Internet DRAFT - draft-johansson-linkability-bad
draft-johansson-linkability-bad
General L. Johansson
Internet-Draft SUNET
Intended status: Informational L. Nordberg
Expires: July 25, 2014 NORDUnet
January 21, 2014
Linkability Considered Harmful
draft-johansson-linkability-bad-01
Abstract
Current debate on pervasive monitoring often focus on passive attacks
on the protocol and transport layers but even if these issues were
eliminated through the judicious use of encryption, roughly the same
information would still be available to an attacker who is able to
(legally or otherwise) obtain access to linked data sets which are
being maintained by large content and service providers.
Status of This Memo
This Internet-Draft is submitted in full conformance with the
provisions of BCP 78 and BCP 79.
Internet-Drafts are working documents of the Internet Engineering
Task Force (IETF). Note that other groups may also distribute
working documents as Internet-Drafts. The list of current Internet-
Drafts is at http://datatracker.ietf.org/drafts/current/.

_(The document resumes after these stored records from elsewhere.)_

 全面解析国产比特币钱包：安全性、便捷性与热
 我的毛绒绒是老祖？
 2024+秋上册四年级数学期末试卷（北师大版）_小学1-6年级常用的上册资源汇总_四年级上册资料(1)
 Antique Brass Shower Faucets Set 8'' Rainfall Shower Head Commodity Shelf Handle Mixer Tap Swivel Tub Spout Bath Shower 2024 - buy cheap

Internet-Drafts are draft documents valid for a maximum of six months
and may be updated, replaced, or obsoleted by other documents at any
time. It is inappropriate to use Internet-Drafts as reference
material or to cite them other than as "work in progress."
This Internet-Draft will expire on July 25, 2014.
Copyright Notice
Copyright (c) 2014 IETF Trust and the persons identified as the
document authors. All rights reserved.
This document is subject to BCP 78 and the IETF Trust's Legal
Provisions Relating to IETF Documents
(http://trustee.ietf.org/license-info) in effect on the date of
publication of this document. Please review these documents
carefully, as they describe your rights and restrictions with respect
to this document. Code Components extracted from this document must
include Simplified BSD License text as described in Section 4.e of
Johansson & Nordberg Expires July 25, 2014 [Page 1]

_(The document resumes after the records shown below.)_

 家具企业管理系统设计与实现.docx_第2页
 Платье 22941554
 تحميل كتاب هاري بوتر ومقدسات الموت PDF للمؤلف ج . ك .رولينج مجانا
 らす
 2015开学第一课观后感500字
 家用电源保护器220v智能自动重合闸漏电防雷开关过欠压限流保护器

Internet-Draft Linkability Considered Harmful January 2014
the Trust Legal Provisions and are provided without warranty as
described in the Simplified BSD License.
1. Introduction
This I-D is submitted as a position paper for the joint IAB/W3C
STRINT workshop 2014. The authors wishes to call attention to the
fact that linked data sets are a source of information, sometimes
every bit as useful as anything that can be gleaned from passive
monitoring of Internet traffic. Such data sets are routinely
generated and maintained by service and content providers and are
often a source of secondary (or even primary) income for those that
own and generate them.
In the current discussion on pervasive monitoring we often overlook
the fact that even as more encryption is used, making passive attacks
harder, focus may simply shift to attacks on owners of linked data
sets. We should strike at the root of this problem by making it less
appealing to maintain these data sets and by offering users a measure
of control over how their information is used and shared.

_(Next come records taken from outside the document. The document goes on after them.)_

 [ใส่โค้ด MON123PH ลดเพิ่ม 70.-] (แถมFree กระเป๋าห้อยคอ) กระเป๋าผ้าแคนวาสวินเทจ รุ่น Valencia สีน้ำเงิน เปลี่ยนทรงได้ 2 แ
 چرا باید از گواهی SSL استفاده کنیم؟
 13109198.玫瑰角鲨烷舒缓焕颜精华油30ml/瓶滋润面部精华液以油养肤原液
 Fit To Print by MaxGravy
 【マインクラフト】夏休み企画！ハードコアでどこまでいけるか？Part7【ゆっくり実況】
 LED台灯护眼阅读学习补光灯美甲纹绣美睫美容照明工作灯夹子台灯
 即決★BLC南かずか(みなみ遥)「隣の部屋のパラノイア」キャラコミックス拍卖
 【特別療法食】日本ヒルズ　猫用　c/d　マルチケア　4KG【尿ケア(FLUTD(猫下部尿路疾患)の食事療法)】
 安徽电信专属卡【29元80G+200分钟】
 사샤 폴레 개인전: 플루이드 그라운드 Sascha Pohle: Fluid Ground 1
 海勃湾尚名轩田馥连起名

Linkability is by no means a new concept and the authors do not
propose to (re)define the concept in this draft. Instead our intent
is to show, using some simple examples, how linkability occurs in
practice and what effect linkability has on privacy on the Internet.
2. A Simple Example
Service providers (we use this term in a general sense, and not with
a view to any particular protocols etc) typically manage users and
billing records. This leads to a data set being created for every
user of that service. Most services employ a simple pattern for user
enrollment which relies on an email address as a means of
(supposedly) uniquely identifying the user. The email address has
become the defacto user identifier on the Internet.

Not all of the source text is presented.